* EXERCISE *
Using the data beneath this instruction, retype only the lines from the one that contains "GUCCI Reversible GG" down to the one that contains "plaatje dag en datum oefening Su August 2", both included, exactly as they appear.

* Brief descriptive captions *
= = = = =
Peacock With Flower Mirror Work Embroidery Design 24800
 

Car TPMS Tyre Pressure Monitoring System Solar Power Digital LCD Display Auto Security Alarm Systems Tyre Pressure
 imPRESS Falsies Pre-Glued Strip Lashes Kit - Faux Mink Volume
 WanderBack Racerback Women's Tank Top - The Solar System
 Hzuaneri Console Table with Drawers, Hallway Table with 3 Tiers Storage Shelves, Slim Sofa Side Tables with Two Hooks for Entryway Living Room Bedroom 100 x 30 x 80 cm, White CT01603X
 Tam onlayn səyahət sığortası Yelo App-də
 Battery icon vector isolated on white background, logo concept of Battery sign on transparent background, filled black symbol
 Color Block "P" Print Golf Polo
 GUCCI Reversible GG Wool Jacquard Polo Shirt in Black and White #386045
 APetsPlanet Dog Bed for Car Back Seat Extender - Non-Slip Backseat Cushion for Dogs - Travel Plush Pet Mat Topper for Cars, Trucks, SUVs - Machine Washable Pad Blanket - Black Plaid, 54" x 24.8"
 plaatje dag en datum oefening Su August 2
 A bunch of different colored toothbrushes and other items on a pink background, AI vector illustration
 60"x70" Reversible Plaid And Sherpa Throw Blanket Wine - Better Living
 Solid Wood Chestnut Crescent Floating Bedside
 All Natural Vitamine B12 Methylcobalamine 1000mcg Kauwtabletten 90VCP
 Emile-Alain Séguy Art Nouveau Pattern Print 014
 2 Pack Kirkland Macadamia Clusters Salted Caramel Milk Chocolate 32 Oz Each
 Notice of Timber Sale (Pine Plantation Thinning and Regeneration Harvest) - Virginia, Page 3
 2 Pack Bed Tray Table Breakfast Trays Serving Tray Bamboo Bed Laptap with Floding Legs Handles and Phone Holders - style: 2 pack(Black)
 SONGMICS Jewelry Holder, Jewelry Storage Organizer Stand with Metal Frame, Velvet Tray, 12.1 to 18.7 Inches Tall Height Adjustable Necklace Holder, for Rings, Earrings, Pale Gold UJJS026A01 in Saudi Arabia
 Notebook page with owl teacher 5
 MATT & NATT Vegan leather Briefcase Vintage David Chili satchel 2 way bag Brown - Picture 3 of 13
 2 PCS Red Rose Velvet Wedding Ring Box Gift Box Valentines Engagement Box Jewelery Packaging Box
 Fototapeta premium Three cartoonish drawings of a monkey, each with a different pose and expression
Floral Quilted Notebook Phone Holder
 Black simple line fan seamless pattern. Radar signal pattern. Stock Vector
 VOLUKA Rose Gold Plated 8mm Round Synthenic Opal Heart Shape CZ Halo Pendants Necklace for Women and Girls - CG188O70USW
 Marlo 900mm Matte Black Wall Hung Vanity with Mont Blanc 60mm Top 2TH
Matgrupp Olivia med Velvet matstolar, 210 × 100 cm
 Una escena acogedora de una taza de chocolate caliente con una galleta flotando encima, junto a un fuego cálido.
= = = = =
* EXERCISE ANSWER *
 GUCCI Reversible GG Wool Jacquard Polo Shirt in Black and White #386045
 APetsPlanet Dog Bed for Car Back Seat Extender - Non-Slip Backseat Cushion for Dogs - Travel Plush Pet Mat Topper for Cars, Trucks, SUVs - Machine Washable Pad Blanket - Black Plaid, 54" x 24.8"
 plaatje dag en datum oefening Su August 2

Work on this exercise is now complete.